[[ Source data open ]]
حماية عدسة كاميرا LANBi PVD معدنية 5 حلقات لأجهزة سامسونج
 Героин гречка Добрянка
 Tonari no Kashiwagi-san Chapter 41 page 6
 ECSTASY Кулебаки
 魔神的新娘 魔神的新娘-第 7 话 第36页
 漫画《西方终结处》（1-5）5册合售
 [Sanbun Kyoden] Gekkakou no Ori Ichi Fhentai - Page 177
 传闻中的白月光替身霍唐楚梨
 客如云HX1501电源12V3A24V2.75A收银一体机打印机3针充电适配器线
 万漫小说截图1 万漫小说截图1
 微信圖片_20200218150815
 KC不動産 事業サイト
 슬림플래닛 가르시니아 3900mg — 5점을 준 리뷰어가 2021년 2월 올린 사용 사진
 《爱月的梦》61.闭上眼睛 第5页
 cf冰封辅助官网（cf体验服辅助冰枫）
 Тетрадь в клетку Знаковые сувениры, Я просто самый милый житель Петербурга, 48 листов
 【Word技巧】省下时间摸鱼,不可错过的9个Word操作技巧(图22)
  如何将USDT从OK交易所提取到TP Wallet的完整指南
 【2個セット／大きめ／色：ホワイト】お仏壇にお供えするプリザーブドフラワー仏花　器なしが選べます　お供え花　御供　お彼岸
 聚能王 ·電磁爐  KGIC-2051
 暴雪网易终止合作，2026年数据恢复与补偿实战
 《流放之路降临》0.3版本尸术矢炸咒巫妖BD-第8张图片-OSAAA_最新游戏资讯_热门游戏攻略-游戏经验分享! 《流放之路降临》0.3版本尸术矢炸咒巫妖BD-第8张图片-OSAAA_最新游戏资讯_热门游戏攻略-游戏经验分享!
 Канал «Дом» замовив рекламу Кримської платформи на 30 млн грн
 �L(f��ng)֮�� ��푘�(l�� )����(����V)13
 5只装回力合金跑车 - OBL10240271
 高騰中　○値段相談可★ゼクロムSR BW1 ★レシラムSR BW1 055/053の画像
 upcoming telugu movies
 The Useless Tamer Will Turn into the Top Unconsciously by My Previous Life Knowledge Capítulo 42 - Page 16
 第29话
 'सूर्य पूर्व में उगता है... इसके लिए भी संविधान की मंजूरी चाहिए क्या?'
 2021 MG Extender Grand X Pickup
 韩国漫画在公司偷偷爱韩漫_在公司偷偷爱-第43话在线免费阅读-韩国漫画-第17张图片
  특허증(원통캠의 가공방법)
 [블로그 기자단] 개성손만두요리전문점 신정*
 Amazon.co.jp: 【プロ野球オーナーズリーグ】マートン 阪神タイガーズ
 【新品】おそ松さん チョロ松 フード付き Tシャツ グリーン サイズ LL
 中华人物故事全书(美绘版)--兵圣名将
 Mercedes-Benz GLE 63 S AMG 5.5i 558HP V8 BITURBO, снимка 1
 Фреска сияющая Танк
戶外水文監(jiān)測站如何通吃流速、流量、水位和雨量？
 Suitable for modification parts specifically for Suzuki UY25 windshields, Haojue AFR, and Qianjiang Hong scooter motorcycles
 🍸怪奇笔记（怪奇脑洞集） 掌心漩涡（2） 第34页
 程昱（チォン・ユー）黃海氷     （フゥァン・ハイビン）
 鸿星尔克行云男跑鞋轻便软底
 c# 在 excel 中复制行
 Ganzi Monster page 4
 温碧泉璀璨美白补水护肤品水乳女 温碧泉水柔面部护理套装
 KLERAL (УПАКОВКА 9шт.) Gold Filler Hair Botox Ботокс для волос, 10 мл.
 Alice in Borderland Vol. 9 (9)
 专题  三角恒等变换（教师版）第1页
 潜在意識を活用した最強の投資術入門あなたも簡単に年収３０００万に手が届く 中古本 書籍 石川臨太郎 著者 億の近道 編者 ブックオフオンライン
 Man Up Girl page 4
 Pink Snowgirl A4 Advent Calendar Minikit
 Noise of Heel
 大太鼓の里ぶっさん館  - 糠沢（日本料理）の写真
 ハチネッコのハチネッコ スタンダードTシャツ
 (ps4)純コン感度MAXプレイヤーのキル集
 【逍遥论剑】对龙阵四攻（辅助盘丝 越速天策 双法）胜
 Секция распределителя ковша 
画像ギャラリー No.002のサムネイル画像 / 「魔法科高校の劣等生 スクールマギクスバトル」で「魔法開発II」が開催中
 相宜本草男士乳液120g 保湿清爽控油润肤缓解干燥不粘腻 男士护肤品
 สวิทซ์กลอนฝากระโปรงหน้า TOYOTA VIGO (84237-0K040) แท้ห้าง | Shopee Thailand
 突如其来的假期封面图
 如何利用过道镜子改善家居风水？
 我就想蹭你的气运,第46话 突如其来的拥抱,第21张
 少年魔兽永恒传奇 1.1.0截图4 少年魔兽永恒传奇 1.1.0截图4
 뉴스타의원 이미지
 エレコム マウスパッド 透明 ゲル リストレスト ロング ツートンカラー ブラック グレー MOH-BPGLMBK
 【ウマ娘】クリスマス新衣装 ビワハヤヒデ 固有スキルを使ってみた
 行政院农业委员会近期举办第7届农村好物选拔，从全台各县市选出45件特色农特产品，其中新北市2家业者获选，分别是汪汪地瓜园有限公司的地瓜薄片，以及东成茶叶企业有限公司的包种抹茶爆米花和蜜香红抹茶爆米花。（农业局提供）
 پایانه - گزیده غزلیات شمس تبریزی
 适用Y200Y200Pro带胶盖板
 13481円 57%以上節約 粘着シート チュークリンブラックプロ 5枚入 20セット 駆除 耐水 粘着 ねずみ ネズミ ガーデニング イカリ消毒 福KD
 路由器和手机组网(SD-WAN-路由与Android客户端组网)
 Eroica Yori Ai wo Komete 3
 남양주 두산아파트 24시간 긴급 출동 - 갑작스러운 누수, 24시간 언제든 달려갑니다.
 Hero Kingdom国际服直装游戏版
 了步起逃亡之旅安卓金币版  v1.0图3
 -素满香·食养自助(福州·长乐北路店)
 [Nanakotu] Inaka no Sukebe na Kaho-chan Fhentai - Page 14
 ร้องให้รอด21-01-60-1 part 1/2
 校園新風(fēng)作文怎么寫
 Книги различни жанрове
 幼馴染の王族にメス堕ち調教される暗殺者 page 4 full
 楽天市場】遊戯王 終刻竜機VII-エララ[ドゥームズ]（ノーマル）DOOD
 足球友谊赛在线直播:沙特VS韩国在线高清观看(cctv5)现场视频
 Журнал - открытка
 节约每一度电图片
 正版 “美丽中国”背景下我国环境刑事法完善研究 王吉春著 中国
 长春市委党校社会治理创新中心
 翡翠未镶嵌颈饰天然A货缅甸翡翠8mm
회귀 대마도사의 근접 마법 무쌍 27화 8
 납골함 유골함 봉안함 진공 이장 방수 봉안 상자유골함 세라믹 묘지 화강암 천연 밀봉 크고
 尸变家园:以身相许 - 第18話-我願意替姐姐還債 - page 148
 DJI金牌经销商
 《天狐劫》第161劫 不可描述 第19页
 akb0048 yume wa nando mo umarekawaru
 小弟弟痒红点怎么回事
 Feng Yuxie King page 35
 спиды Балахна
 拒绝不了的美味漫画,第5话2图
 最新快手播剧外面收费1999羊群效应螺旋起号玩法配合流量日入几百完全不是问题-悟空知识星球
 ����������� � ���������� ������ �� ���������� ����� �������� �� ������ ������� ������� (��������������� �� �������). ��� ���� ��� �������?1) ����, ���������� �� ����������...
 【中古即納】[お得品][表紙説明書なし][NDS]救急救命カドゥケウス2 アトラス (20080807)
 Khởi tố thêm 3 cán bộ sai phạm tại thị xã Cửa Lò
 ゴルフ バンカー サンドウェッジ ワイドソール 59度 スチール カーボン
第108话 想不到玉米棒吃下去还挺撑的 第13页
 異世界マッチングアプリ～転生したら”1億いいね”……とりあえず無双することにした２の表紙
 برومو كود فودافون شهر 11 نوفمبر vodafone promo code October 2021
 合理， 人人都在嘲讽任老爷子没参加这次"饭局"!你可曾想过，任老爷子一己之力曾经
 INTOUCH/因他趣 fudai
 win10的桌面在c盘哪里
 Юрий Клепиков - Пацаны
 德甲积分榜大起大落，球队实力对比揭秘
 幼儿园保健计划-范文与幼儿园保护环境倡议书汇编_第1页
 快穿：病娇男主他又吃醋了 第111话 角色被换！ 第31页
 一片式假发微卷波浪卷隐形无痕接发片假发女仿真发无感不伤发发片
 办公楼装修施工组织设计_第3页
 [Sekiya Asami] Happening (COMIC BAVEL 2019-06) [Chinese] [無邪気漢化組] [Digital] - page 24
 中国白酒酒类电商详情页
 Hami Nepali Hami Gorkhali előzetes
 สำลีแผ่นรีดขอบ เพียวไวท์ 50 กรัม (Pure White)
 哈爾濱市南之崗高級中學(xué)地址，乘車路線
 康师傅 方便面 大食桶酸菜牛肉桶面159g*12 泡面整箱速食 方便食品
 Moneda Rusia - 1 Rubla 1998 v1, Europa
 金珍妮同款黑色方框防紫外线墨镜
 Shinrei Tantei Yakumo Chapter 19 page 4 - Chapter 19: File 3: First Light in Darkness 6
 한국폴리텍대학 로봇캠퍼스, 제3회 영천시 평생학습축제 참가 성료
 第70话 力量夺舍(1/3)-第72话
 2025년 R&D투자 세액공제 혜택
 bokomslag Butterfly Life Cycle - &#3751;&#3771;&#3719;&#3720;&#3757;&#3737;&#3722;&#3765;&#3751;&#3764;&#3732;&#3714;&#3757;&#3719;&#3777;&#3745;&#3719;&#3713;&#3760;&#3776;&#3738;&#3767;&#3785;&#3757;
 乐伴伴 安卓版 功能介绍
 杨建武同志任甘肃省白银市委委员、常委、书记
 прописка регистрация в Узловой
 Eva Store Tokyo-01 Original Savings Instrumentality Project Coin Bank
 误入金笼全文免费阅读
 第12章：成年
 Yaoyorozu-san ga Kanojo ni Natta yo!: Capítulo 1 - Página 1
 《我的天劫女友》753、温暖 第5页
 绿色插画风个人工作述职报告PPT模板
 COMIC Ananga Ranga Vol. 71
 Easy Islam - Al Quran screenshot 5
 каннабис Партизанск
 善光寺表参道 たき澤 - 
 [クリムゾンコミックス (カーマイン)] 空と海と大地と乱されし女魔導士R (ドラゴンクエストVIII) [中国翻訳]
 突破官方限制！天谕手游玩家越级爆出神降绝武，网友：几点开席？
[[ Source data closed ]]
[Problem statement]: Which lines of the entries above contain the word "Chapter"? Copy each of them.

[Written reply]:
 Tonari no Kashiwagi-san Chapter 41 page 6
 Shinrei Tantei Yakumo Chapter 19 page 4 - Chapter 19: File 3: First Light in Darkness 6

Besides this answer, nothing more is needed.